SUPPLIED RECORDS =
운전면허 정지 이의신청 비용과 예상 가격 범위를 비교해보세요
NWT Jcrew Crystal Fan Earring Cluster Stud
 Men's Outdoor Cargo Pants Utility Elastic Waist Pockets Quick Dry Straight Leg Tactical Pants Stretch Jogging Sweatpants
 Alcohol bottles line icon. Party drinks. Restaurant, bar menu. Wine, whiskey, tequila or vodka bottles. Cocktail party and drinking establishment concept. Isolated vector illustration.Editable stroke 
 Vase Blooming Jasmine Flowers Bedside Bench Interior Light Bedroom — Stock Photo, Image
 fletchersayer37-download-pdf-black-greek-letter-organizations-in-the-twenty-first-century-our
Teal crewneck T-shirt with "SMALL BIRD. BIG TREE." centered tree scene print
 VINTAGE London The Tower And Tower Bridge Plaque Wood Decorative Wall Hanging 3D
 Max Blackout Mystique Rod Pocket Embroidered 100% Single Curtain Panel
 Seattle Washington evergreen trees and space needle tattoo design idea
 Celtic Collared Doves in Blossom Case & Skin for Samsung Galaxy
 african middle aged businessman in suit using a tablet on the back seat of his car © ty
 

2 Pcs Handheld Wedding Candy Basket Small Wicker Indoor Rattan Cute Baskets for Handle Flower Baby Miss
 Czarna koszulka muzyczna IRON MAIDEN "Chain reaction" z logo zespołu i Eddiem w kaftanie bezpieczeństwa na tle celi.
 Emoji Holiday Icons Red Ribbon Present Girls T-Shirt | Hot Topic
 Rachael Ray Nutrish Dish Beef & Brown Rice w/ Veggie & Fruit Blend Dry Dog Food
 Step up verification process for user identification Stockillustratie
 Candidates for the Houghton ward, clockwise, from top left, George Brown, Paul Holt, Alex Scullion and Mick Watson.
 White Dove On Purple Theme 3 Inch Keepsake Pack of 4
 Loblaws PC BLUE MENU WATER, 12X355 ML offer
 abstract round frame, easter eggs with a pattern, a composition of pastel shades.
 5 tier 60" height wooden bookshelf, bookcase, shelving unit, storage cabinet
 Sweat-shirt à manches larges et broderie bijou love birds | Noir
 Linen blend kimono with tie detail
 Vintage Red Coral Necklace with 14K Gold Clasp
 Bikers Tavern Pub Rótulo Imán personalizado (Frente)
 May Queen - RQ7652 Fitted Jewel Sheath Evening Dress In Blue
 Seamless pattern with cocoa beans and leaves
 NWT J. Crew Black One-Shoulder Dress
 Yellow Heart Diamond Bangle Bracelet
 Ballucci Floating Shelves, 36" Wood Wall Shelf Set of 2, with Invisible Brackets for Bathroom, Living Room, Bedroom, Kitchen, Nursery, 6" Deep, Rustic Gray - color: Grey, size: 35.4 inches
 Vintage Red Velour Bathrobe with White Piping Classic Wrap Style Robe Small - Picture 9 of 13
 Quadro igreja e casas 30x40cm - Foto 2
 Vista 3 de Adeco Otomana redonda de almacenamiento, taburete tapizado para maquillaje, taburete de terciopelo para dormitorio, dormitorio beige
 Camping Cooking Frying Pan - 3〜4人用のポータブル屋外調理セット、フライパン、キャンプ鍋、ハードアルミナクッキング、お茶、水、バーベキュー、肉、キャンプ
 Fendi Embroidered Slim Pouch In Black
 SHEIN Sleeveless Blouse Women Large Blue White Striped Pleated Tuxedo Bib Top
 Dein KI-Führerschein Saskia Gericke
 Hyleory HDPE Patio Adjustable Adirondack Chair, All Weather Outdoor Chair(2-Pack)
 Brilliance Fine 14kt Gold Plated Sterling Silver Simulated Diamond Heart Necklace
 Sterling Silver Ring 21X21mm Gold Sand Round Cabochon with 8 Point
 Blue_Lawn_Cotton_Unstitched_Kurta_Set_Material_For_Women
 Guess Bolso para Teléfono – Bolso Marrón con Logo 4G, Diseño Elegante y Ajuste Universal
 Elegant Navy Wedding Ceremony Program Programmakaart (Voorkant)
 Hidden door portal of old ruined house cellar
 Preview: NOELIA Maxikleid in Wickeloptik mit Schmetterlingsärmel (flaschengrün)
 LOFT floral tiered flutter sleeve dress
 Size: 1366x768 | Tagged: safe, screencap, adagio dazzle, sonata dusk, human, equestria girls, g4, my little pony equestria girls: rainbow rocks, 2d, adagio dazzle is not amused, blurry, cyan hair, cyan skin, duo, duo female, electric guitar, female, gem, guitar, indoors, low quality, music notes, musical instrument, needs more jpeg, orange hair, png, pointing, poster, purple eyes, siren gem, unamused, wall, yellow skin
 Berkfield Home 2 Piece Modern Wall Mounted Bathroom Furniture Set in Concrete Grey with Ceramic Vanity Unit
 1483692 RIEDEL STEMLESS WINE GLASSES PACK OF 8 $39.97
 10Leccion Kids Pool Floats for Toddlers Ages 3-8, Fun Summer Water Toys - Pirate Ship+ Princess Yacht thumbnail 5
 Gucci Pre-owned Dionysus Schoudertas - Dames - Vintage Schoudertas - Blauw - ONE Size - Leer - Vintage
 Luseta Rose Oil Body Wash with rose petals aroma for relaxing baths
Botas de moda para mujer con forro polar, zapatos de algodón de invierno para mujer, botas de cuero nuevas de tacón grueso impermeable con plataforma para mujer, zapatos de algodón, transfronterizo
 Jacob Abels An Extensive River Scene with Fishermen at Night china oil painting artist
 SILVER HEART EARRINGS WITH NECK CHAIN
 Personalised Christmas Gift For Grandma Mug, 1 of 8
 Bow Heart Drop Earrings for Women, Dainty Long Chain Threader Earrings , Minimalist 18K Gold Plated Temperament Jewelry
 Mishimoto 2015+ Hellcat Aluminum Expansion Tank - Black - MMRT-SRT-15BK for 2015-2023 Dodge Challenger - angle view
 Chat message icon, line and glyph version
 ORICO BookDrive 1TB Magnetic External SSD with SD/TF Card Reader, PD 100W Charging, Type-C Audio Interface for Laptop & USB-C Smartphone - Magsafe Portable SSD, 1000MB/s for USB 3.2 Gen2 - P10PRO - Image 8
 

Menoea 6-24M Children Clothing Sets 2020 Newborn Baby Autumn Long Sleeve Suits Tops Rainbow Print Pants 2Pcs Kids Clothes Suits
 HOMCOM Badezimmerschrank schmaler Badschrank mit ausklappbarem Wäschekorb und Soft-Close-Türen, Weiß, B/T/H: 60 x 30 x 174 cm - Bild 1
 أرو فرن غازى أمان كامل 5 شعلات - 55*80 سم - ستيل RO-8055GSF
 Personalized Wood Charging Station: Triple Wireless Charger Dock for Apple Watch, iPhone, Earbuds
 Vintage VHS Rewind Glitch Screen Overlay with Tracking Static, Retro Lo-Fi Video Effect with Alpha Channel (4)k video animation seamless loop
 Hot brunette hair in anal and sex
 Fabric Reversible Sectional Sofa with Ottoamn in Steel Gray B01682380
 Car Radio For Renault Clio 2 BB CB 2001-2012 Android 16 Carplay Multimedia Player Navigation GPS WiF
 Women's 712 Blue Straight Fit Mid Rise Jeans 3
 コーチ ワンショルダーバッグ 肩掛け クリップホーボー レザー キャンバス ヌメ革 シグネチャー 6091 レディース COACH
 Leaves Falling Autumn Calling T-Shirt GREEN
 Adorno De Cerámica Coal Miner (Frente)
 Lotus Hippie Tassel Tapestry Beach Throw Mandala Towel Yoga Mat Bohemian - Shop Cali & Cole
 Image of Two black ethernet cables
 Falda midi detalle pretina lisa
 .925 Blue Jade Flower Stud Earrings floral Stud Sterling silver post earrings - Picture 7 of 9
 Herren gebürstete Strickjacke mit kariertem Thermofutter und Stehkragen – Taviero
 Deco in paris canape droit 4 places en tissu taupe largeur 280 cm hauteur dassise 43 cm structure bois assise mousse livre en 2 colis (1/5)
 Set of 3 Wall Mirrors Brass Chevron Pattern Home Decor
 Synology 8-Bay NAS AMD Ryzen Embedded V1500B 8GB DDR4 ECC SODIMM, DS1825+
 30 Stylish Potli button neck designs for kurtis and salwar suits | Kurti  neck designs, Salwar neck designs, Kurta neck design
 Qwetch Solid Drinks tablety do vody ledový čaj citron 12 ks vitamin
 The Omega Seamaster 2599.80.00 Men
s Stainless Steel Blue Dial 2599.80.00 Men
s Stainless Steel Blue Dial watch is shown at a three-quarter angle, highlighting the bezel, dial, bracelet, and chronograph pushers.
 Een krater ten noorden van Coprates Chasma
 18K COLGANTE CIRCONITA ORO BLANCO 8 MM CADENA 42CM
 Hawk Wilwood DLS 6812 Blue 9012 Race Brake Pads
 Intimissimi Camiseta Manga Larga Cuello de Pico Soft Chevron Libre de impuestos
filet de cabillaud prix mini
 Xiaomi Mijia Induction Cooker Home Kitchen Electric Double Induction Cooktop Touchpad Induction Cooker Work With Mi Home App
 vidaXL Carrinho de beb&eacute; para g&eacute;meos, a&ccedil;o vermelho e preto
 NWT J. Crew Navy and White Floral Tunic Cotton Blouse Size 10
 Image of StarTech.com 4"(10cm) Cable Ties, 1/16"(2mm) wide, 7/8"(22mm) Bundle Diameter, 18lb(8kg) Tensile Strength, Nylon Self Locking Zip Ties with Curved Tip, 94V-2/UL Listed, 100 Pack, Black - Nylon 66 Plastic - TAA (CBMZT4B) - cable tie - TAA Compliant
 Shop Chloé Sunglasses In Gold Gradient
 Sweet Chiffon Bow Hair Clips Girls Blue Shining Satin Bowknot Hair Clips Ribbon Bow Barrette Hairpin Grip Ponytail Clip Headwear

WORK TO BE COMPLETED = Only the lines from the first line of the records through the line with "2 Pcs Handheld" should be reproduced, exactly and with nothing added.

YOUR SOLUTION =
운전면허 정지 이의신청 비용과 예상 가격 범위를 비교해보세요
NWT Jcrew Crystal Fan Earring Cluster Stud
 Men's Outdoor Cargo Pants Utility Elastic Waist Pockets Quick Dry Straight Leg Tactical Pants Stretch Jogging Sweatpants
 Alcohol bottles line icon. Party drinks. Restaurant, bar menu. Wine, whiskey, tequila or vodka bottles. Cocktail party and drinking establishment concept. Isolated vector illustration.Editable stroke 
 Vase Blooming Jasmine Flowers Bedside Bench Interior Light Bedroom — Stock Photo, Image
 fletchersayer37-download-pdf-black-greek-letter-organizations-in-the-twenty-first-century-our
Teal crewneck T-shirt with "SMALL BIRD. BIG TREE." centered tree scene print
 VINTAGE London The Tower And Tower Bridge Plaque Wood Decorative Wall Hanging 3D
 Max Blackout Mystique Rod Pocket Embroidered 100% Single Curtain Panel
 Seattle Washington evergreen trees and space needle tattoo design idea
 Celtic Collared Doves in Blossom Case & Skin for Samsung Galaxy
 african middle aged businessman in suit using a tablet on the back seat of his car © ty
 

2 Pcs Handheld Wedding Candy Basket Small Wicker Indoor Rattan Cute Baskets for Handle Flower Baby Miss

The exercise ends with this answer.